_Data for review_
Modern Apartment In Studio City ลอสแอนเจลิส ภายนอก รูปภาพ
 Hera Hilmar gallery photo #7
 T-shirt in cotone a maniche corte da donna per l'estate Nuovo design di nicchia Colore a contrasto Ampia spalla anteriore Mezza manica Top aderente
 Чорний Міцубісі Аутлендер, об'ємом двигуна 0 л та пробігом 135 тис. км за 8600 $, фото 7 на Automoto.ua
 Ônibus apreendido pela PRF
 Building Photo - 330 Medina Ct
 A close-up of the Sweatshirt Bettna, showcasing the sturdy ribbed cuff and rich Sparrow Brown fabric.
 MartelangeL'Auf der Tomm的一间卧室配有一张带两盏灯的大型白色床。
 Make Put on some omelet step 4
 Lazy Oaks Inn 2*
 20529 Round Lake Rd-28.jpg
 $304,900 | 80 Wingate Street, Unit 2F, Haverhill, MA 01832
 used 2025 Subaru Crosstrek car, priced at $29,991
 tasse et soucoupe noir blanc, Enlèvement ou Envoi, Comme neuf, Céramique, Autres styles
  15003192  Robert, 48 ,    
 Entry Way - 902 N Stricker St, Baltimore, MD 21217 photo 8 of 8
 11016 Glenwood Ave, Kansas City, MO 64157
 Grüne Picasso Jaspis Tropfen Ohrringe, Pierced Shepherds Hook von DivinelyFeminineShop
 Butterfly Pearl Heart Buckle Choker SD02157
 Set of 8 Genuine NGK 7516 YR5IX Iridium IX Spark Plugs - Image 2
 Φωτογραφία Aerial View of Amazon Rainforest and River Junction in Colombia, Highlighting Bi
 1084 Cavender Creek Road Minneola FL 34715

_What you should do_
Stop at the line containing "Haverhill, MA 01832". Please print exactly every line before it from the start of the records, plus that line itself, and nothing else.

_Output of the exercise_
Modern Apartment In Studio City ลอสแอนเจลิส ภายนอก รูปภาพ
 Hera Hilmar gallery photo #7
 T-shirt in cotone a maniche corte da donna per l'estate Nuovo design di nicchia Colore a contrasto Ampia spalla anteriore Mezza manica Top aderente
 Чорний Міцубісі Аутлендер, об'ємом двигуна 0 л та пробігом 135 тис. км за 8600 $, фото 7 на Automoto.ua
 Ônibus apreendido pela PRF
 Building Photo - 330 Medina Ct
 A close-up of the Sweatshirt Bettna, showcasing the sturdy ribbed cuff and rich Sparrow Brown fabric.
 MartelangeL'Auf der Tomm的一间卧室配有一张带两盏灯的大型白色床。
 Make Put on some omelet step 4
 Lazy Oaks Inn 2*
 20529 Round Lake Rd-28.jpg
 $304,900 | 80 Wingate Street, Unit 2F, Haverhill, MA 01832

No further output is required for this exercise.